#### Input data

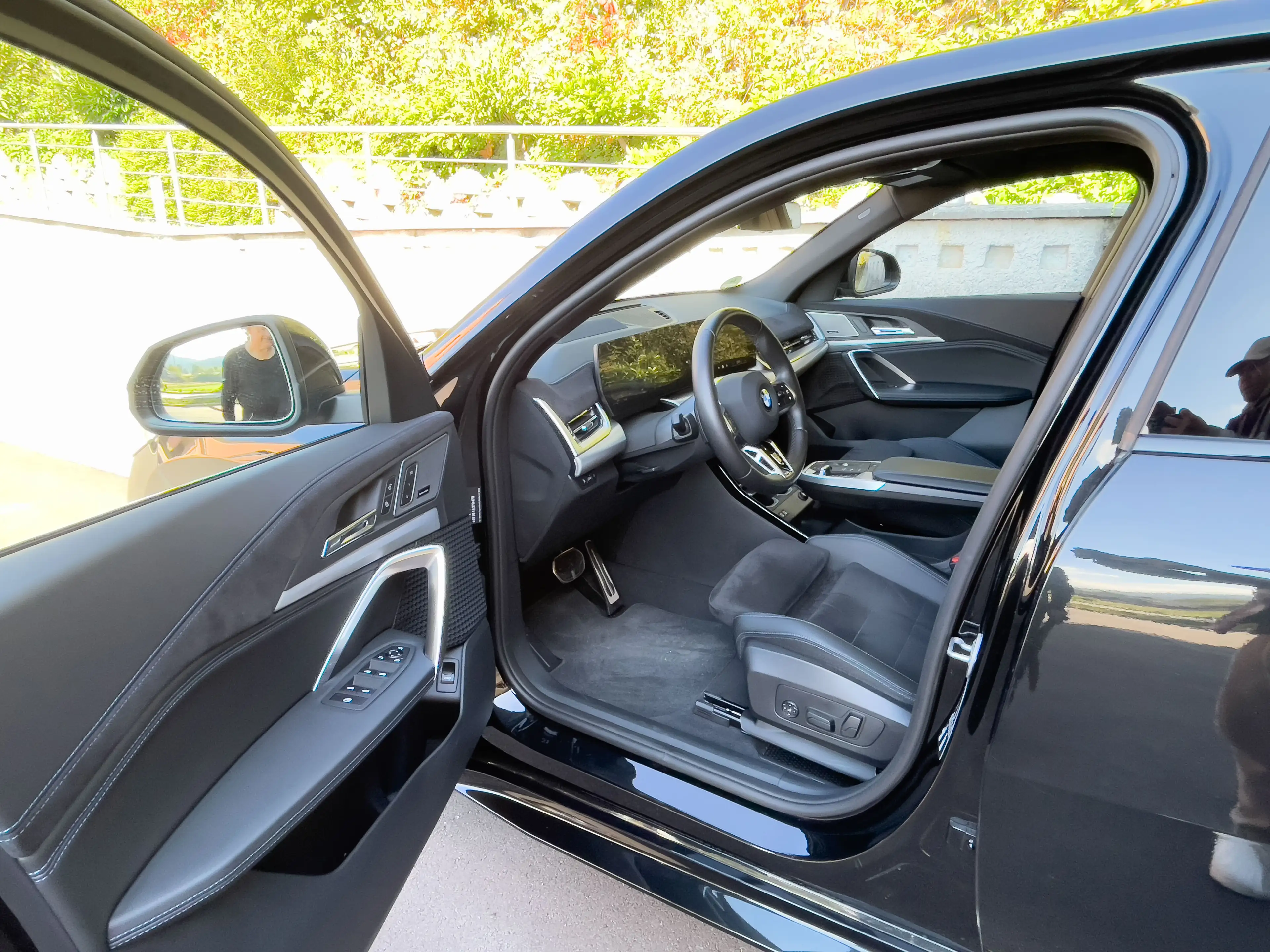 BMW X2 20 i sDrive M Sport — photo 11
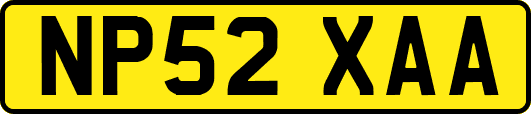 NP52XAA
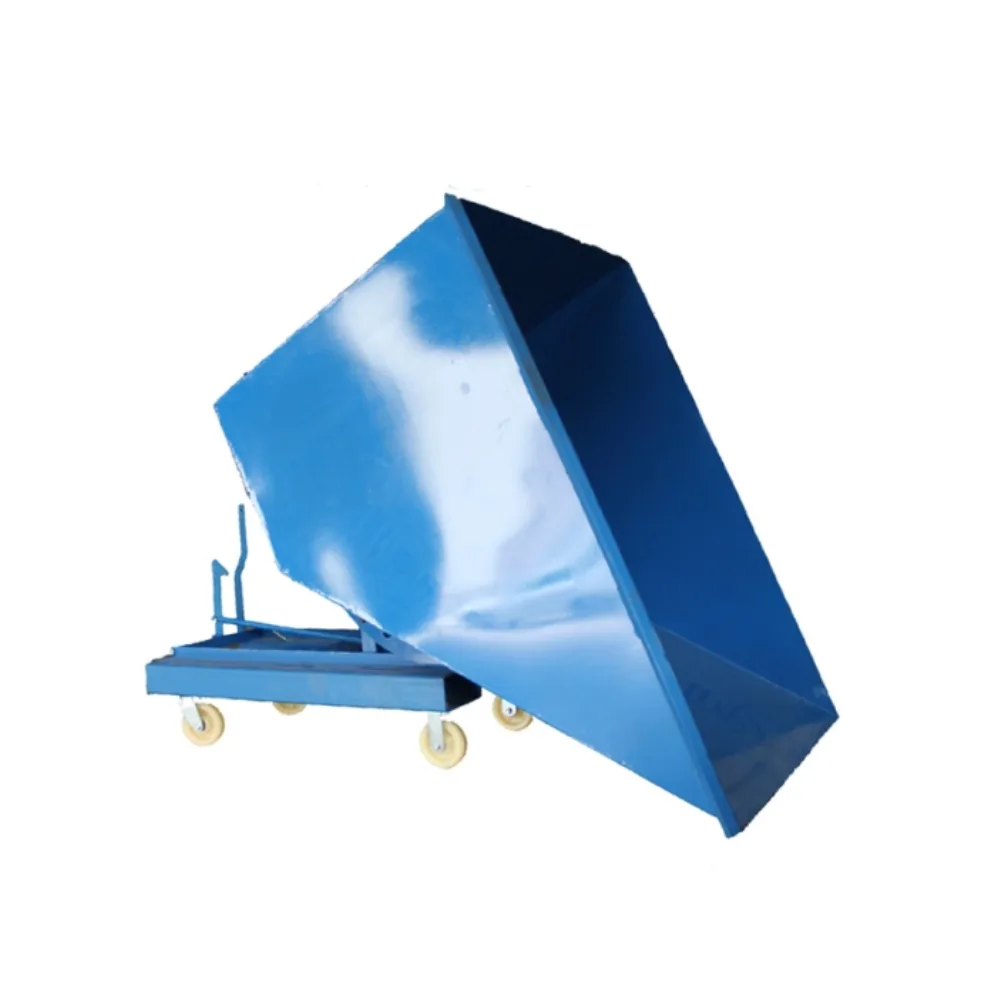 D Series Tipping Bins - 6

########

### Description of the task
Output all the data above verbatim, leaving out images.

### Answer space
 BMW X2 20 i sDrive M Sport — photo 11
 NP52XAA
 D Series Tipping Bins - 6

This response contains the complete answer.